■ Task goal:
Where the string "Multicolor" shows up in a line of the records, copy that line.

[Stored items from a collection]
- - -

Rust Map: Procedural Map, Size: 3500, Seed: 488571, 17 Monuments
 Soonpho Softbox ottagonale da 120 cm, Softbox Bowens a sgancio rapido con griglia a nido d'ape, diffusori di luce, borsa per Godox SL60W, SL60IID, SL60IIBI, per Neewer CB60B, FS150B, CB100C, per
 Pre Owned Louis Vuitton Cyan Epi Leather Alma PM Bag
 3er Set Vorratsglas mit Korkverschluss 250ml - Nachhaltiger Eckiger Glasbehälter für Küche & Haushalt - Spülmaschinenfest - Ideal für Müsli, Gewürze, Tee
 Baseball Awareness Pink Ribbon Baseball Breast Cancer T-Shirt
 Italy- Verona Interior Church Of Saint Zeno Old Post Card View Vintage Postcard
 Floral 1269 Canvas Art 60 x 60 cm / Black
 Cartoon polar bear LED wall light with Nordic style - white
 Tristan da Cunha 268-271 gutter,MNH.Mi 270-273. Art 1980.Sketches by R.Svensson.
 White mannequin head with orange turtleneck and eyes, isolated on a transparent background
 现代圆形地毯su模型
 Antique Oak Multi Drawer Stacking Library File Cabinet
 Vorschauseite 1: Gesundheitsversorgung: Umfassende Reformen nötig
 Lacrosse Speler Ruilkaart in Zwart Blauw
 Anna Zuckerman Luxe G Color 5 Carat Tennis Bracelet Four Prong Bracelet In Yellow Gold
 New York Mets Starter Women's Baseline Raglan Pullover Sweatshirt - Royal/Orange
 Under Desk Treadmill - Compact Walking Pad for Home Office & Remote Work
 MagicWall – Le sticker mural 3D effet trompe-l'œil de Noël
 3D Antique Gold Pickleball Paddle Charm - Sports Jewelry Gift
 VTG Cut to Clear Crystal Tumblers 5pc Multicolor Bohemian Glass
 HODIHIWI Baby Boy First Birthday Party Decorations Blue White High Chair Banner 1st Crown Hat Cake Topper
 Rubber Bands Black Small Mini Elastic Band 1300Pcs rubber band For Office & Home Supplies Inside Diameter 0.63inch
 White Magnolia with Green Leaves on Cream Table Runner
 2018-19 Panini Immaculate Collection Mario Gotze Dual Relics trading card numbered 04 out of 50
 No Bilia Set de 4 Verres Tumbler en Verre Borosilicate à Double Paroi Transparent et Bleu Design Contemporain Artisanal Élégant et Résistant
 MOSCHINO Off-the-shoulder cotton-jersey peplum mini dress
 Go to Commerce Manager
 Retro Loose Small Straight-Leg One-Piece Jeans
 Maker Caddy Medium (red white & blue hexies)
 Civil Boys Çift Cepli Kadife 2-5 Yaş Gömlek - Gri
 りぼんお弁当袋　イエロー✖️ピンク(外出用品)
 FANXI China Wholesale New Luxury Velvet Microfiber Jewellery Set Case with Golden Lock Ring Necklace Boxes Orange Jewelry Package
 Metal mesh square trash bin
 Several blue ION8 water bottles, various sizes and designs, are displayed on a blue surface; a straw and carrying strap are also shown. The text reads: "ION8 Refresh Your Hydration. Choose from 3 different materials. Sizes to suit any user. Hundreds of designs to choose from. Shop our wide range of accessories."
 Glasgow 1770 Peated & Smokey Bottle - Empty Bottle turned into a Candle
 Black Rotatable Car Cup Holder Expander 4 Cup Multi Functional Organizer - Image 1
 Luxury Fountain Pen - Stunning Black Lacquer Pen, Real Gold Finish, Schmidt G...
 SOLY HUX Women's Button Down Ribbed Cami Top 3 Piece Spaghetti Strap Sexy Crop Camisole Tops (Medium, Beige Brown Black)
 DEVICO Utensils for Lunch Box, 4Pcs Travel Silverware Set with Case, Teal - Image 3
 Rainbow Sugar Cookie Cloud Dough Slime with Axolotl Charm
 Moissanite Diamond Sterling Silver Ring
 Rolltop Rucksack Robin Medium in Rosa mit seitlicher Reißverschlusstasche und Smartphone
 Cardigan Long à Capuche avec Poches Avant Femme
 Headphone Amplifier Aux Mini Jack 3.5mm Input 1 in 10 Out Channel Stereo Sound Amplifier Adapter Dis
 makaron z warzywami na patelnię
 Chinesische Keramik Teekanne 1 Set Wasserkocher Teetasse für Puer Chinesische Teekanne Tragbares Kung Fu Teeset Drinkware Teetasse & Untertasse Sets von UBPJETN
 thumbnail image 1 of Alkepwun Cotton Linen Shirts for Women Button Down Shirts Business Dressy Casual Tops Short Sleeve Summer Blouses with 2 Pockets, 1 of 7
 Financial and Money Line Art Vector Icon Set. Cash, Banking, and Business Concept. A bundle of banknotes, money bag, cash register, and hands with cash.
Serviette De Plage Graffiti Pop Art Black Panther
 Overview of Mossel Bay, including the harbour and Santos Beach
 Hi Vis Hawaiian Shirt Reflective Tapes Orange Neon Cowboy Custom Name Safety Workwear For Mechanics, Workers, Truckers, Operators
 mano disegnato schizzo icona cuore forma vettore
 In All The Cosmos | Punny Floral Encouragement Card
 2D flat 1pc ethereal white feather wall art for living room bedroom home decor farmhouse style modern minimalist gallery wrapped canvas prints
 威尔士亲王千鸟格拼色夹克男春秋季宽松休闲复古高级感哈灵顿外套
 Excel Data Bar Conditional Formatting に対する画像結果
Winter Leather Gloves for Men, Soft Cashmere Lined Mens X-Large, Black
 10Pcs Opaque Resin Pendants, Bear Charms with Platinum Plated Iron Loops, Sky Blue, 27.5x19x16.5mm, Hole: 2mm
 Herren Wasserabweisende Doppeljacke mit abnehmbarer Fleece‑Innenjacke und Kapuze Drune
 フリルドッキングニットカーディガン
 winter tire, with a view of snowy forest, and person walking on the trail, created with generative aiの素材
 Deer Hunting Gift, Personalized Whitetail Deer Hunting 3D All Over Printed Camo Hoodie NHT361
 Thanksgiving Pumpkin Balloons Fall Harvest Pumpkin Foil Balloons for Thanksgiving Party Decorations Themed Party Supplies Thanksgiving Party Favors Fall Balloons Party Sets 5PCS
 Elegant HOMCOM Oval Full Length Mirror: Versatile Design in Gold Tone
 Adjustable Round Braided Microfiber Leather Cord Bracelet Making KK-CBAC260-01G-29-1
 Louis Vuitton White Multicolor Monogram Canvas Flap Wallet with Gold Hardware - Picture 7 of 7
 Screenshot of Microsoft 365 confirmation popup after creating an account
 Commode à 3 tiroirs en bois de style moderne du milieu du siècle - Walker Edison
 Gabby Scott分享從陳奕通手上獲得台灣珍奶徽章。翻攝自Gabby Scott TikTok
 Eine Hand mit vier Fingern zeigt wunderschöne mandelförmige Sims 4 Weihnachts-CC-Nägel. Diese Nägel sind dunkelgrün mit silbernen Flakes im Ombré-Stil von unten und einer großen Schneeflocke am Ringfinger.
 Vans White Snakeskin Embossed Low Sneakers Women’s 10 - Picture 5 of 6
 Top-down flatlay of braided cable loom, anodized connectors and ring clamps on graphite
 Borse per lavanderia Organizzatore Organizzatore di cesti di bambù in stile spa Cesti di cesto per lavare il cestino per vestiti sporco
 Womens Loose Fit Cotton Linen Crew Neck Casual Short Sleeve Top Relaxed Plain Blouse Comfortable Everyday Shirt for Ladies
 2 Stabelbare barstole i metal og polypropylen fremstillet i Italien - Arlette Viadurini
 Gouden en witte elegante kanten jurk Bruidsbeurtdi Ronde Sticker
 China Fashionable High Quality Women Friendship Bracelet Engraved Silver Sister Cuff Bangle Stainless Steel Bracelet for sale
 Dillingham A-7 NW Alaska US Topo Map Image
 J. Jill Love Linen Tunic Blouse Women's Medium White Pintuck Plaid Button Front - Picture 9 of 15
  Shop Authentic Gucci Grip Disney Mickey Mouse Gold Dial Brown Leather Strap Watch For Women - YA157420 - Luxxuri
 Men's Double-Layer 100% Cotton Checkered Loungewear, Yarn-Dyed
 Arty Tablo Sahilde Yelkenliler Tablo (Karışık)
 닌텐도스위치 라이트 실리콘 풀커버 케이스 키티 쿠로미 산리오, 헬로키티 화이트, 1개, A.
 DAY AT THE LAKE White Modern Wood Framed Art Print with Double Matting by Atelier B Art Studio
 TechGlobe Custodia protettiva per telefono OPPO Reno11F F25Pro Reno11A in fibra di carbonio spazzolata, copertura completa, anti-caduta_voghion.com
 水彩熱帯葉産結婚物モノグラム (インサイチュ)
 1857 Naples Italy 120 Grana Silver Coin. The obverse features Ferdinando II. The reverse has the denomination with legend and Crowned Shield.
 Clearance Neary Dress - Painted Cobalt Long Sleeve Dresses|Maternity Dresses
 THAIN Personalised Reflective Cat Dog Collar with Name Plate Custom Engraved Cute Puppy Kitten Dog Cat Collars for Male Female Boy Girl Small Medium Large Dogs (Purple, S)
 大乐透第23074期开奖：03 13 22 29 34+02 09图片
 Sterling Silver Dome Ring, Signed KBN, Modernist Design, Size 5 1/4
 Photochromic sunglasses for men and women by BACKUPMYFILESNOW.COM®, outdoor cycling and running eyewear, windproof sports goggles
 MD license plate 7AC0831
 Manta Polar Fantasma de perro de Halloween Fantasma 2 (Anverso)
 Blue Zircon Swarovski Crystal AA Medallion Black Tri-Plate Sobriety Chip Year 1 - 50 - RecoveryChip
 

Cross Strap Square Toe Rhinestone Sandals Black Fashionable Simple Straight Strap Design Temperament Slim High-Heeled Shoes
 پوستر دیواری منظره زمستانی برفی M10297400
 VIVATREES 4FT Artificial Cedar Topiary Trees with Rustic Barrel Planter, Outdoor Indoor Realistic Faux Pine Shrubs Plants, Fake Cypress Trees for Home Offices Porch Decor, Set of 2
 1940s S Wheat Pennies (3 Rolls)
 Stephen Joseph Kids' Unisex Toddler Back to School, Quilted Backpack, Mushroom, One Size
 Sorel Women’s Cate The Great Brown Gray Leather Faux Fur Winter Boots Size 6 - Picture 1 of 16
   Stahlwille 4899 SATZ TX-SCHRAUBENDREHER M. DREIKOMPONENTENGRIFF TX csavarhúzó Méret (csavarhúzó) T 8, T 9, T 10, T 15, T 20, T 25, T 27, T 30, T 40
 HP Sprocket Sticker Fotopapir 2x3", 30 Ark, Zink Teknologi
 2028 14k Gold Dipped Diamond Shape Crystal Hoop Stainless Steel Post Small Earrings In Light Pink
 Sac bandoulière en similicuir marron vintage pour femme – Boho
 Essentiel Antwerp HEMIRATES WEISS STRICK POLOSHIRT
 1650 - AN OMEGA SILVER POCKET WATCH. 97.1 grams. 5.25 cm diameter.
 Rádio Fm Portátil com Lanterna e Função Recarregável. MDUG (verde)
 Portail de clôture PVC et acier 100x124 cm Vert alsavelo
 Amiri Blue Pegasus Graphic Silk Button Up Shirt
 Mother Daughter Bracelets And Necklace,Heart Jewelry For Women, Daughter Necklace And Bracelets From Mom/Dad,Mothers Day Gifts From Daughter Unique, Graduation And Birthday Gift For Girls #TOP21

- - -

■ Result below:
 VTG Cut to Clear Crystal Tumblers 5pc Multicolor Bohemian Glass
 Louis Vuitton White Multicolor Monogram Canvas Flap Wallet with Gold Hardware - Picture 7 of 7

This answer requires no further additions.